Brainstorm session for Aboriginal protectors
INDIGENOUS rangers from across the Wet Tropics will be better able to protect land and animals after attending a workshop near Cooktown.
A four-day workshop was hosted by Jabalbina Aboriginal Corporation with support from Terrain Natural Resource Management and Wet Tropics Management Authority.
Groups commended Jabalbina for its Junior Ranger certificate for Mossman senior school students.
The workshop also featured sessions ranging from technical know-how and information about weeds, fire management, and drone operation, to joint management and enterprise development.
Jabalbina CEO Jim Turnour said the benefits extended far beyond practical skills.

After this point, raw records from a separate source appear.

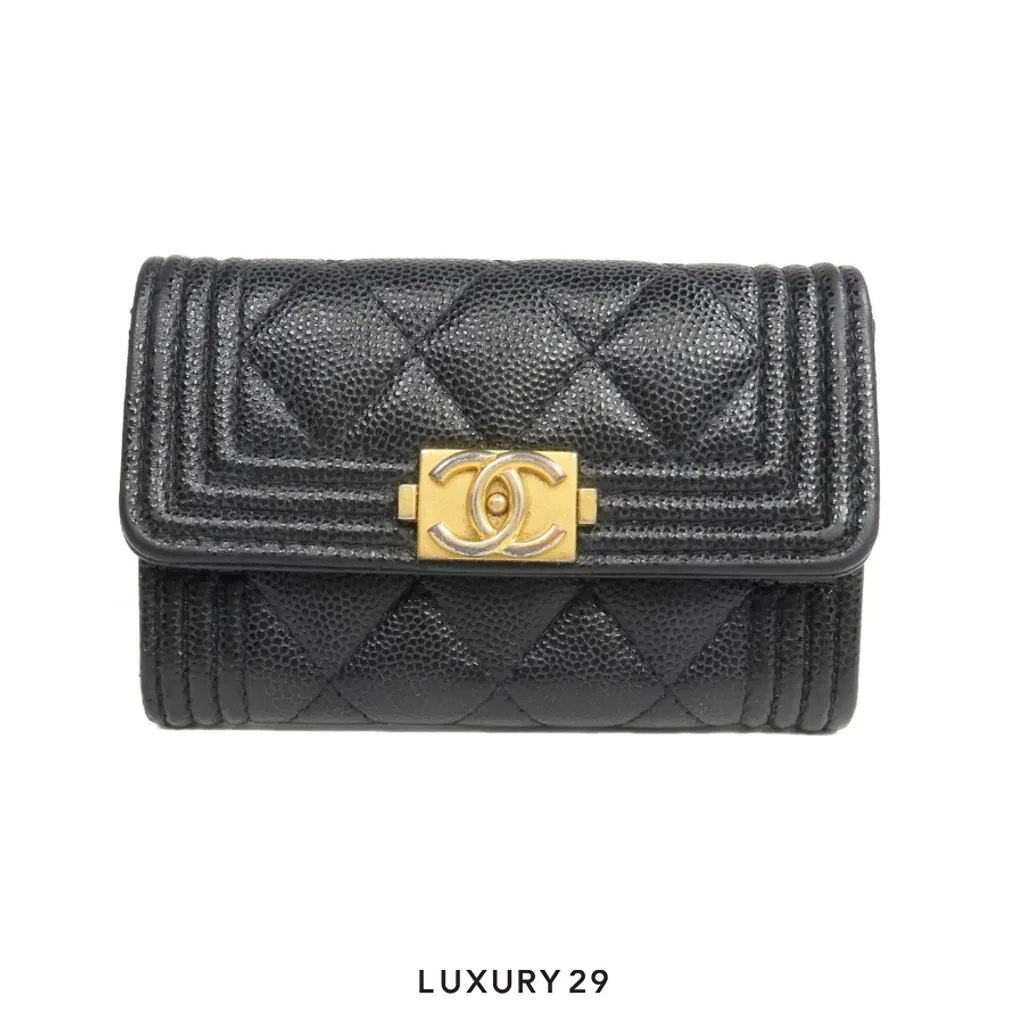 Chanel Boy CC card-holder Gold Tone(Small, Black)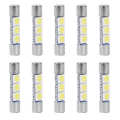 10Pcs 3-SMD 29-30mm 6641 Fuse LED Bulb Vanity Mirror Light Sun Visor L Auto. 
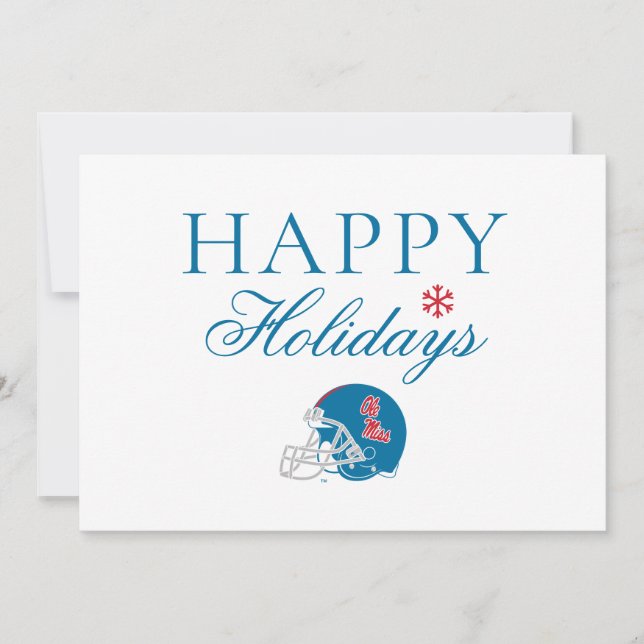Ole Miss Football Helmet | Light Blue Holiday Card (Front)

“This is also about sharing knowledge and experiences, inspiring and motivating,” he said. “It’s important that ranger groups keep culture strong and make that work within a government context.
Phillip Minniecon is the Ranger Coordinator for the Jabalbina Rangers and said he was impressed with the level of collaboration.
“I love it. I get to sit down with other coordinators and talk about issues we’re facing. All of a sudden it’s not just you trying to solve a problem, you’ve got all of these other guys helping,” he said.
“I had had something on my mind for 12 months, and within 5 minutes, someone had answered that problem for me.”
More than 60 people attended, including representatives from established ranger groups such as Yirrganydji, Djunbunji, Girringun, and Gunggandji, and emerging ranger programs such as Jirrbal and Djabugay.
“We really appreciate the support that Terrain and WTMA have given us to host this workshop, from logistics through to facilitation to communications support,” said Mr Turnour. Jabalbina also thanked Terrain and the WTMA, and state and federal funds for the Working on Country and Indigenous Protected Area Programs.
Ranger groups from across the Wet Tropics at the workshop.
Philip Minniecon from the Jabalbina Rangers and Marcus Riley from Bulmba Rangers.
Victor Bulmer from the Djunbunji Rangers.